[Collected data]
---
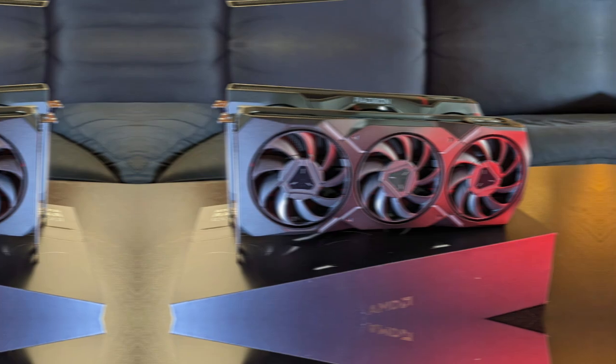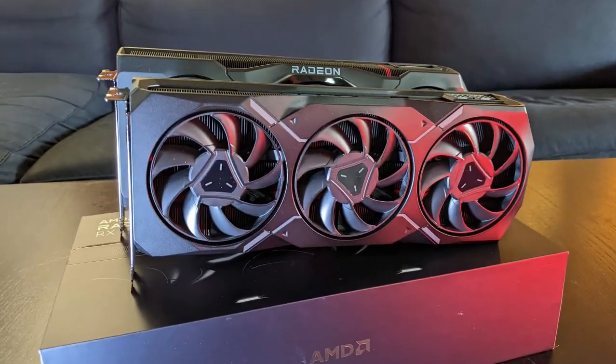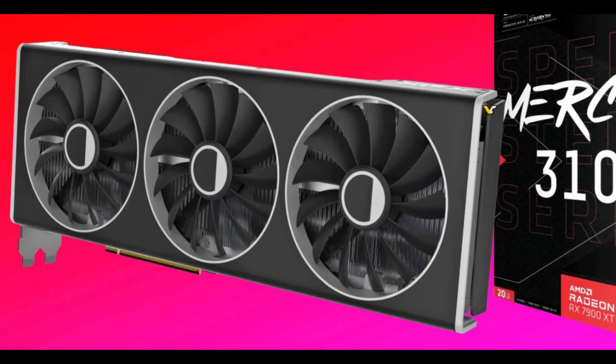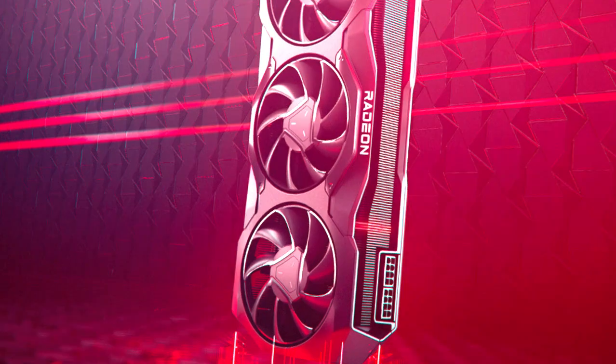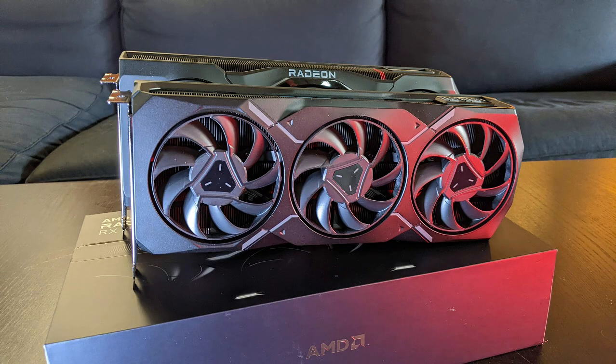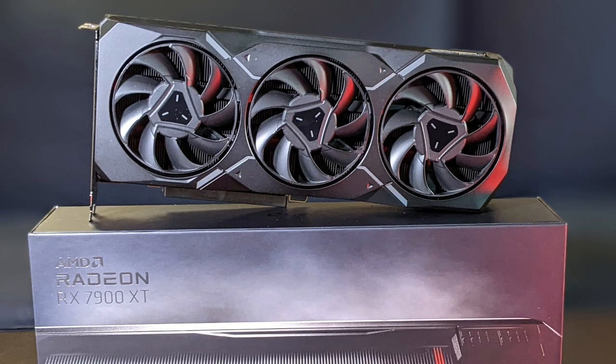Chapter 2: Architectural Advancements. RDNA 4 architecture: exploring the foundations of the RX 8800 XT's design. Chiplet design: benefits of modular GPU components for performance and efficiency. Compute units and shaders: detailed analysis of the 64 compute units and their impact on rendering.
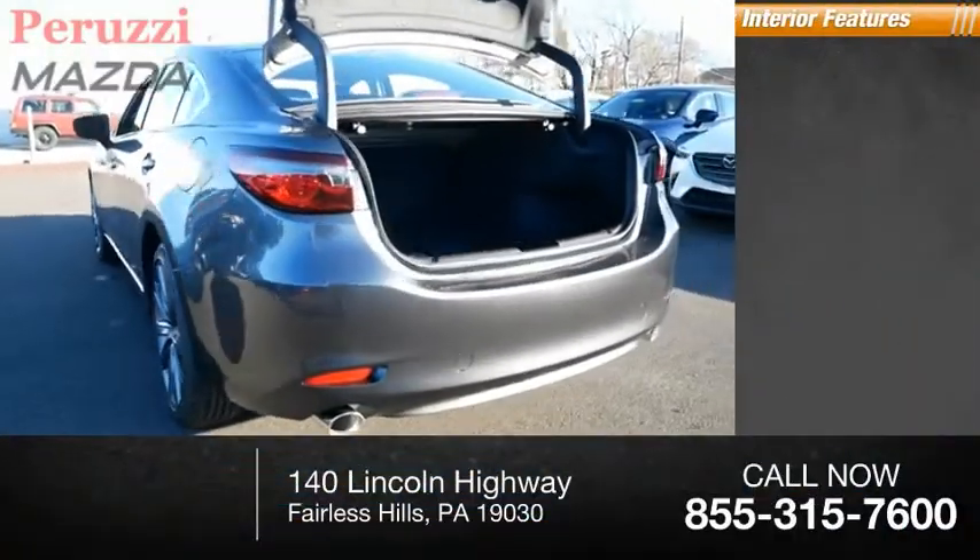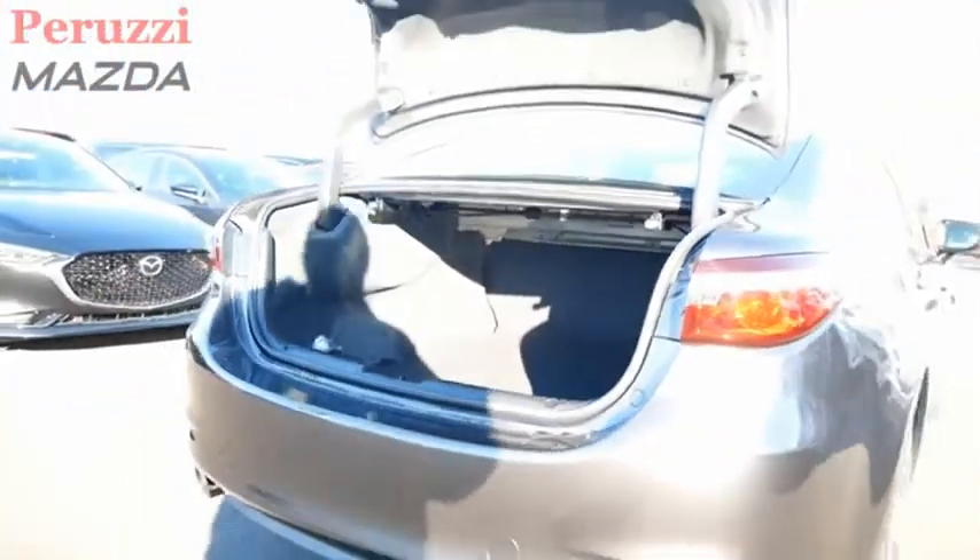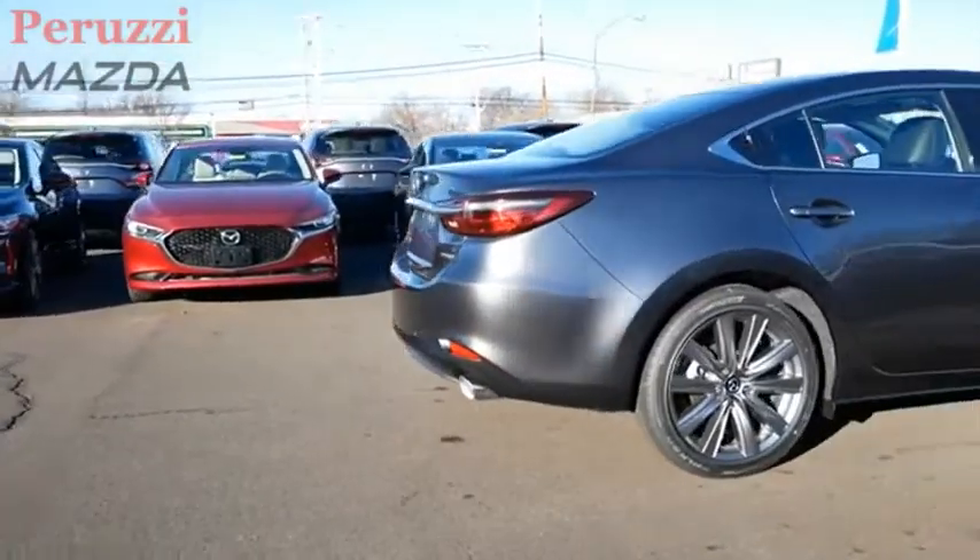Inside, you'll find airbags, passenger occupant sensing deactivation, exceptionally stylish and fun to drive. The Mazda 6 has quality, dependability, and reliability at the heart of its design.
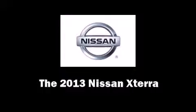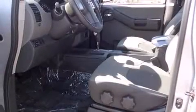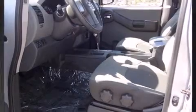The 2013 Nissan XTERRA. It features an automatic transmission, rear-wheel drive, and a four-liter six-cylinder engine.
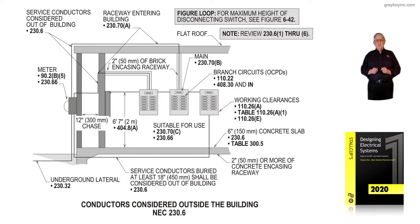This illustration deals with when conductors and conduits are considered outside the building in accordance with the rules of 230.6. Reviewing the left-hand side of this drawing, we see the meter base. We've already talked about 90.2(B)(5) and 230.66 and exactly what those sections state.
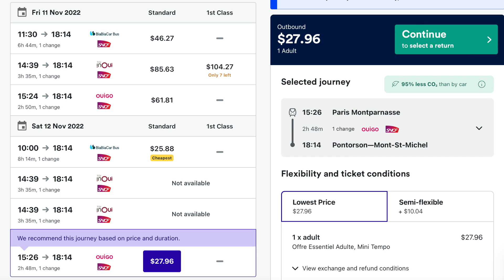As far as cost goes, the prices vary. A screenshot from The Trainline showed the cheapest and quickest option at $27.96. If you wait and availability is low, you might end up having to book first class, which would cost you significantly more.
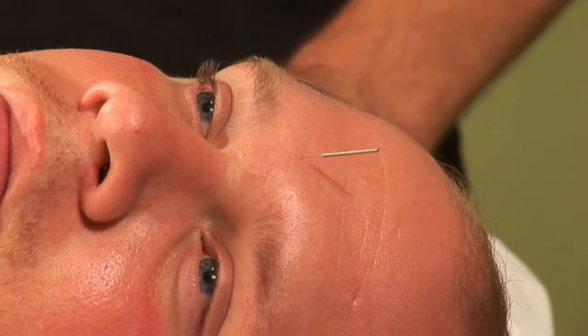Hi, my name is Bob Lindy. I'm an acupuncture physician and registered herbalist in St. Petersburg, Florida. Today I'm going to talk to you about using acupuncture to help with hay fever.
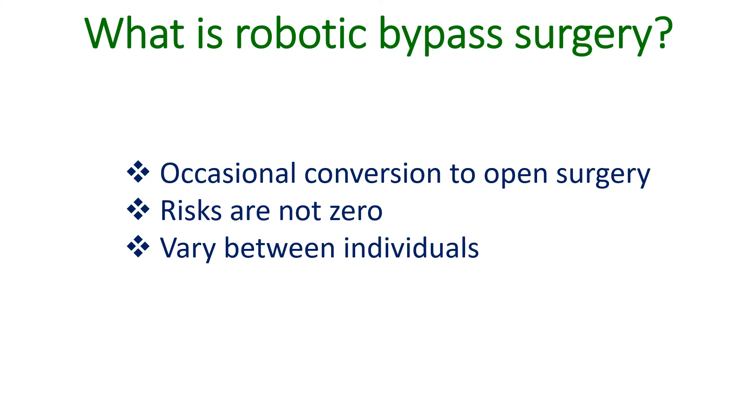A link to a medical journal article on robotic coronary artery bypass graft surgery is given below this video.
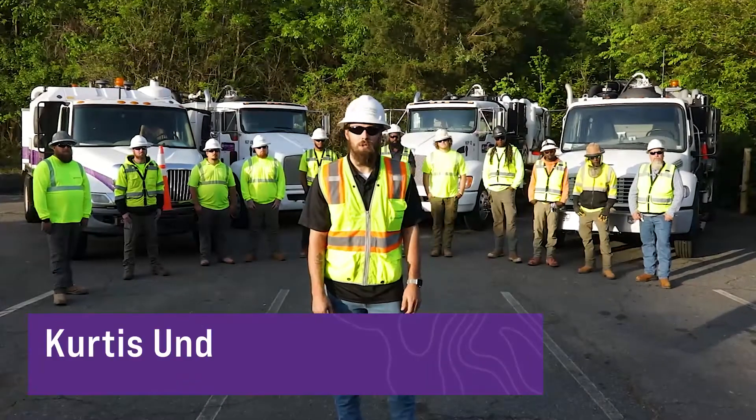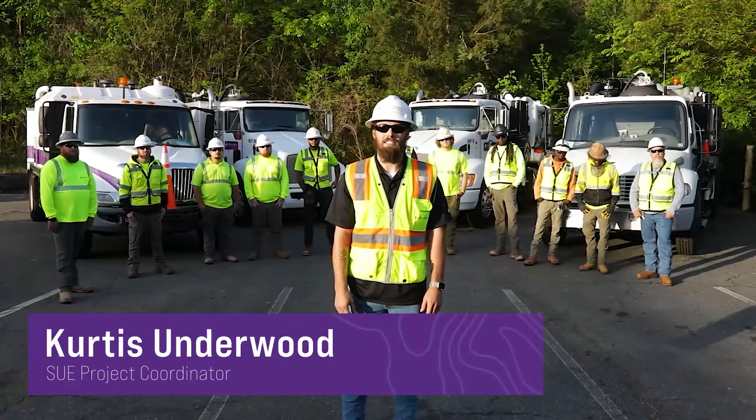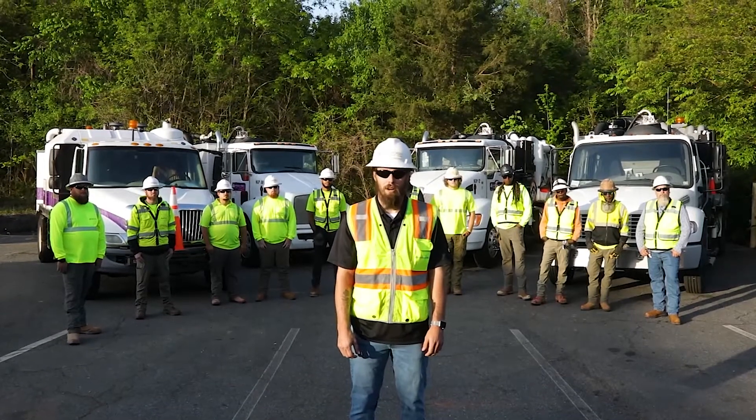What is SUE? SUE, otherwise known as subsurface utility engineering, is the science of investigating, locating, and marking underground utilities to enhance a project's design and assist with the utility coordination process.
---
→ Work task:
Exactly as written above, print every line of the data but not its pictures.

→ Answer:
Chapter 2: Architectural Advancements. RDNA 4 architecture: exploring the foundations of the RX 8800 XT's design. Chiplet design: benefits of modular GPU components for performance and efficiency. Compute units and shaders: detailed analysis of the 64 compute units and their impact on rendering.
Inside, you'll find airbags, passenger occupant sensing deactivation, exceptionally stylish and fun to drive. The Mazda 6 has quality, dependability, and reliability at the heart of its design.
The 2013 Nissan XTERRA. It features an automatic transmission, rear-wheel drive, and a four-liter six-cylinder engine.
This illustration deals with when conductors and conduits are considered outside the building in accordance with the rules of 230.6. Reviewing the left-hand side of this drawing, we see the meter base. We've already talked about 90.2(B)(5) and 230.66 and exactly what those sections state.
As far as cost goes, the prices vary. A screenshot from The Trainline showed the cheapest and quickest option at $27.96. If you wait and availability is low, you might end up having to book first class, which would cost you significantly more.
Hi, my name is Bob Lindy. I'm an acupuncture physician and registered herbalist in St. Petersburg, Florida. Today I'm going to talk to you about using acupuncture to help with hay fever.
A link to a medical journal article on robotic coronary artery bypass graft surgery is given below this video.
What is SUE? SUE, otherwise known as subsurface utility engineering, is the science of investigating, locating, and marking underground utilities to enhance a project's design and assist with the utility coordination process.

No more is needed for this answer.